Release Date: 1980
Length: 106 minutes
Director: Ronald Neame
Starring: Walter Matthau, Glenda Jackson, Sam Waterston
You wouldn’t think that Walter Matthau would make a convincing secret agent at the age of 60. And, maybe, in a dramatic rather than comedic film he wouldn’t. It just passes muster here where he’s a senior man who is supervising and a bit past his prime.
The plot is set in motion by Matthau’s reassignment to a desk job by a new and very unpleasant boss played by Ned Beatty. An idle comment after he decides to just walk out and disappear by way of quitting in protest leads him to begin writing a memoir exposing the secrets of the CIA.
This would actually be A Bad Thing, yeah, yeah, sure, sure. It’s a movie with standard-issue liberal politics and a very not-serious comedy, however, and if you’re not a grouch you can laugh at the antics of the cast as Beatty enlists Matthau’s friend and protegé played by Sam Waterston to chase him down.
This is the sort of movie that sees Matthau at his best, playful, not entirely serious, and constantly treading on the tails of those in authority. The travel budget on this must have been something, they use quite a number of locations. Glenda Jackson plays partner to Matthau both romantically and in his covert activities. It’s fine, I guess. At least they got an actress for this role who was 44, and not some ridiculous May-December nonsense with a 22 year old.

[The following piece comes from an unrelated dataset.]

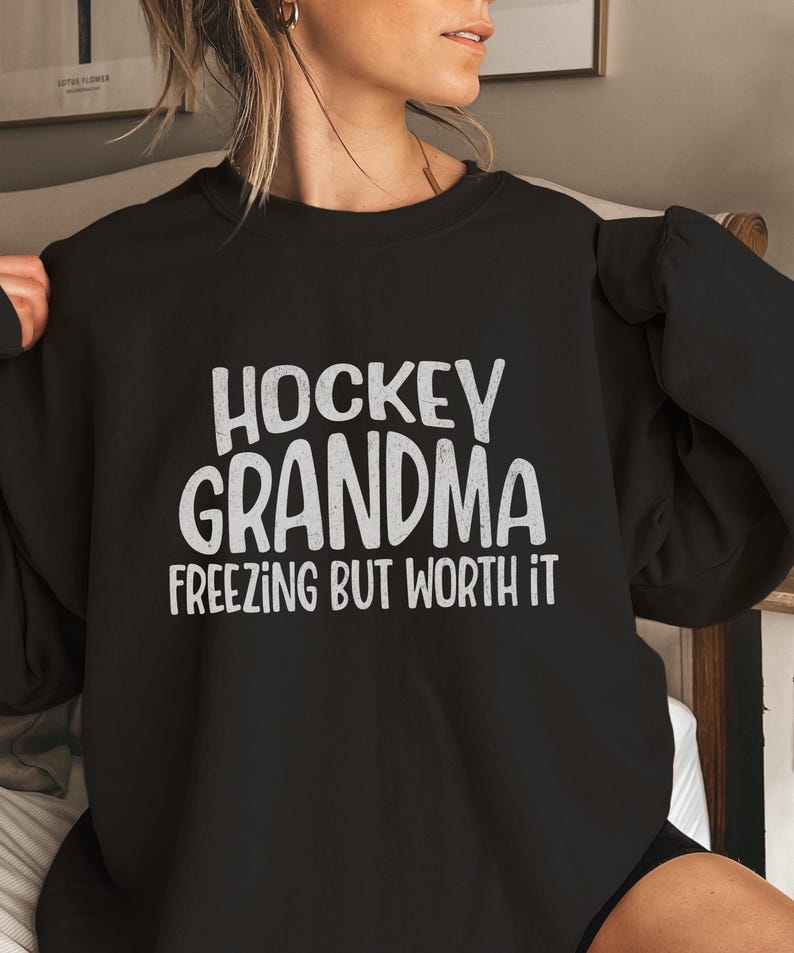 May include: Black sweatshirt with the text "Hockey Grandma Freezing But Worth It" in white.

The ending is weak and certainly contrived (with the added bonus of what would be considered a racist joke today), but you ought to be watching for the laughs, not for the impermeability of the plot. This, like several other films I have written and will write about has sparkling moments and scenes even if the whole is a bit lackluster. A clear product of a particular time, there’s enough that endures to make it last as a worthwhile film.